Les voies sur berges sont à vous !

Lundi 26 septembre, le Conseil de Paris a validé le projet de piétonisation de la voie sur berge rive droite de Paris - voie Georges-Pompidou. Avec Anne Hidalgo en tête de fil du mouvement, le projet a largement dépassé la simple décision juridique, elle est devenue politique. Dans ce climat de tension où chacun a son avis sur la question, il est difficile de démêler le vrai du faux. On décrypte l’actualité pour vous ! 

Une augmentation des embouteillages indéniable

La principale conséquence de la fermeture des voies sur berges Rive Droite est l’augmentation des embouteillages dans le cœur de Paris. Commence donc la bataille des chiffres. 

D’un côté, les premières analyses de la Direction de la Voirie et des Déplacements, dévoilées par le Journal du Dimanche,  annoncent que les chiffres sont bien inférieurs à ce que prévoyait l’étude d’impact en termes d’augmentation du trafic.
De l’autre, le rapport d'étape commandé par la région Ile-de-France - effectué par un comité d’experts indépendants de l’Institut d’aménagement et d’urbanisme (IAU) -  met en avant « un accroissement significatif de temps de parcours sur la plupart des axes retenus aux heures de pointe entre septembre 2016 et septembre 2015». En 2016, il faut ainsi 3 minutes 30 de plus pour parcourir les 2,6 kilomètres entre les Tuileries et Châtelet le matin, et 9 minutes de plus le soir, ce qui représente une augmentation du temps de transport de 60% le matin et de 135% le soir par rapport à 2015.

Toutefois, il va encore falloir attendre quelques mois supplémentaires avant d’avoir un retour significatif et chiffré définitif.

Augmenter les embouteillages pour dégouter les franciliens de leurs voitures

Augmenter les embouteillages, voilà donc la stratégie de la Mairie. Cette conception s’appuie notamment sur les travaux de Paul Lecroart, urbaniste qui a affirmé que la suppression d’une infrastructure routière provoquait l’évaporation de la circulation, rappelle Le Monde. L’urbaniste a observé ce phénomène de manière empirique à New York, San Francisco et Séoul.
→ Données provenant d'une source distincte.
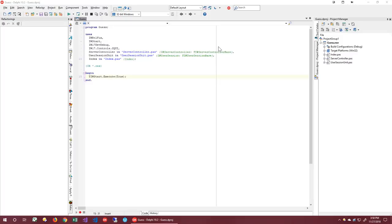I'm going to start with an empty project. I've already named it Guess. It's created using the new project wizard, just like in IntraWeb 15. Now let's build the application from scratch, but using IntraWeb 17.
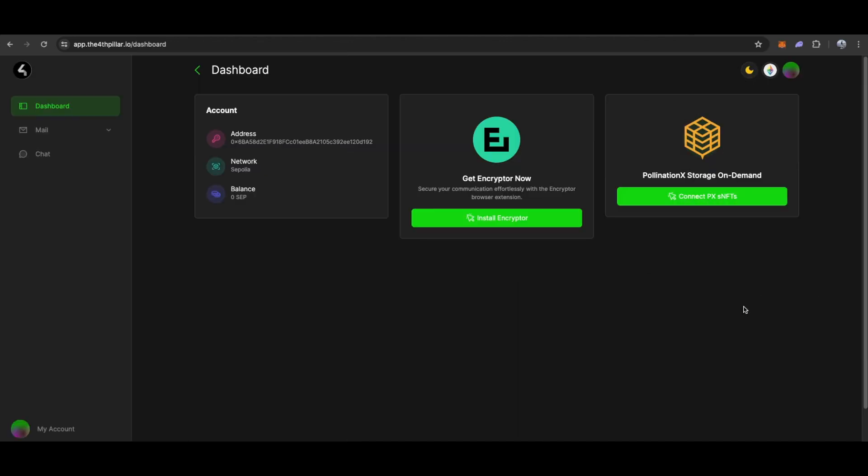By connecting our wallet, we access the dashboard, where we can see account details, encryptor extension status, and storage NFT tab.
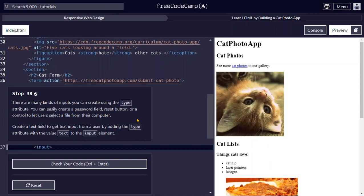Hi everyone, this is step 38 of the series. Let's read the step first. There are many kinds of inputs you can create using the type attribute. You can easily create a password field, reset button, or a control to let users select a file from their computer.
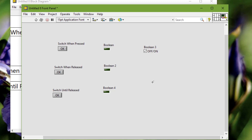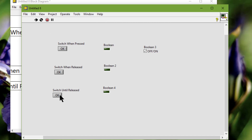Switch until released. We should use Switch Until Released as a control that only changes the current value when we click and hold the mouse button down, and reverts to the previous value when we release the mouse button. If I press the mouse down, the LED is on. When I release the mouse button, the LED turns off and the switch reverts back to its original position. An example is like a doorbell — the bell rings as soon as we press the button and continues to ring until we release the button.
L’objectif est donc de modifier les habitudes de transport des usagers parisiens en supprimant l’effet d’aubaine que représentait la voie rapide. 

Pourtant, les détracteurs du projet n’hésitent pas à monter au créneau, comme l’association 40 millions d’automobilistes qui a lancé le 12 septembre dernier, un appel aux députés en soutenant que ces derniers devaient être« associés aux décisions concernant la circulation à Paris. »  Pour répondre, la Mairie a choisi l’humour en publiant ses 10 raisons pour lesquelles il ne faut pas piétonniser les berges Rive droite. Parmi lesquelles ont trouve « un site classé par l’UNESCO, traversé par une autoroute urbaine, c’est pas choquant (sic) » ou encore « Le bruit des voitures, c’est tellement plus agréable ! ». as sûr que cela soit suffisant pour calmer les plus réticents. 

Vers de nouvelles habitudes de transport ?

Le débat public que suscite la fermeture des voies sur berges rive droite a pour effet de tourner les projecteurs vers les autres modes de déplacements comme les transports publiques.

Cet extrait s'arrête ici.